キャッサバ/タロイモ/ヤムイモの単簡な区別法

地理を履修すると、ナイジェリアが生産一位の作物としてキャッサバ/ヤムイモ/タロイモなどを知ることになりますが、その区別はつかず、「なんかアフリカでよく食べる芋でしょ?」程度の認識に終始しがちです。

実際の定期試験などでどこまで役立つかはさておき、その簡単な区別法について言及します。

※調べて書いているものなので、間違いなどあればご指摘ください。

統計を区別しよう

まずは統計を見てみましょう。

キャッサバ ヤムイモ タロイモ
ナイジェリア 5483 ナイジェリア 4500 ナイジェリア 327
タイ 3002 ガーナ 712 中国 184
インドネシア 2344 コートジボワール 581 カメルーン 167
ブラジル 2325 ベナン 322 ガーナ 130
ガーナ 1652 エチオピア 145 パプアニューギニア 27
コンゴ民主 1468        
ベトナム 1021        
カンボジア 833        
インド 814        
アンゴラ 764        

(※数字は生産量/単位は万トン)

(二宮書店『データブック・オブ・ザ・ワールド2018』より)←古くてすみません

はい、こんな感じです。

特徴としては、

キャッサバ ヤムイモ タロイモ
生産量が多い ナイジェリアが高比率 生産量が少ない
東南アジアとアフリカ アフリカ中心 アフリカ+中国

こんなふうにまとめられるでしょうか。

たぶんこの情報だけ頭に入れておけば、統計として区別はできるでしょう。しかしながら、もう少しこれらの作物について知っておいても良いのではないかな、ということでご紹介していきます。

各作物について

キャッサバ

みなさんご存知の通り、キャッサバといえばタピオカの原料です。まあ別に主食としてタピオカばかりが食べられているわけでもなくて、粉にしてからパンにしたりウガリにしたりするなど、色々食べ方はあるそうです。

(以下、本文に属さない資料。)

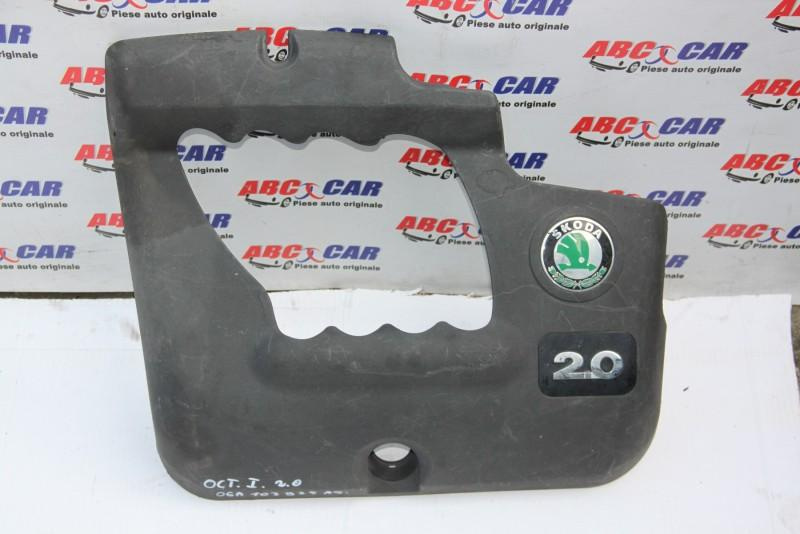 Capac motor Skoda Octavia 1 1996-2004 06A103925AS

原産地は南米大陸で、17世紀にポルトガル奴隷貿易によって全世界的に広まったそうです。

茎を地面に差すだけでとにかく簡単に育ってくれる上、作付面積あたりのカロリーが高いので重宝されたそうですが、食用には毒抜きが必要など、面倒な面もあるそうです。

ヤムイモ

ヤムイモとは、ヤマノイモの仲間の総称だそうです。ヤマノイモというと、山芋あるいは自然薯とも呼ばれる通り、日本でも普通に食べています。長芋もヤムイモに含まれるということで、とろろご飯など、普段から自分たちも食べていることがわかりますね。原産地は色々あるそうで、日本で食べる山芋・長芋は日本・中国原産だそうです。日本の生産は17位(2019)だそうです。

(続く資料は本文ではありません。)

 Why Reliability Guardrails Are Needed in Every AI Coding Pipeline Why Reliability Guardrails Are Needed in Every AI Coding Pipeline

関係ないですけど自然薯ってジネンと読むのが面白いですよね。

タロイモ

タロイモとは、サトイモ属の植物で、根茎を食用するものの総称だそうです。サトイモ属? そう、サトイモタロイモの仲間なんです。へぇーっ、タロイモも日本で食べていたんですね! こう考えると普段の煮物を食べるにもテンションが上がってきます。

原産はマレー地方と考えられていて、熱帯地域などで生産が多いそうです。ちなみに日本の里芋は世界最北のタロイモなんだとか。日本の生産は11位(2019)だそうです。

まとめ

いやあ、意外と食べているんですね、タロイモもヤムイモも。しかも日本で意外と作っている。

キャッサバ ヤムイモ タロイモ
生産量が多い ナイジェリアが高比率 生産量が少ない
東南アジアとアフリカ アフリカ中心 アフリカ+中国
新大陸原産 原産地いろいろ マレー原産
日本ではタピオカを食用 日本では山芋・長芋を食用 日本では里芋を食用
育ちやすいが毒抜き必要 日本は17位 日本は11位

ところで、キャッサバは「新大陸農耕文化」、タロイモは「サバナ農耕文化」であることもわかりました。同じイモだと思っていても、なかなか違いはあるものです。こういうことを知ると、味気ない統計も鮮やかに見えてきますね。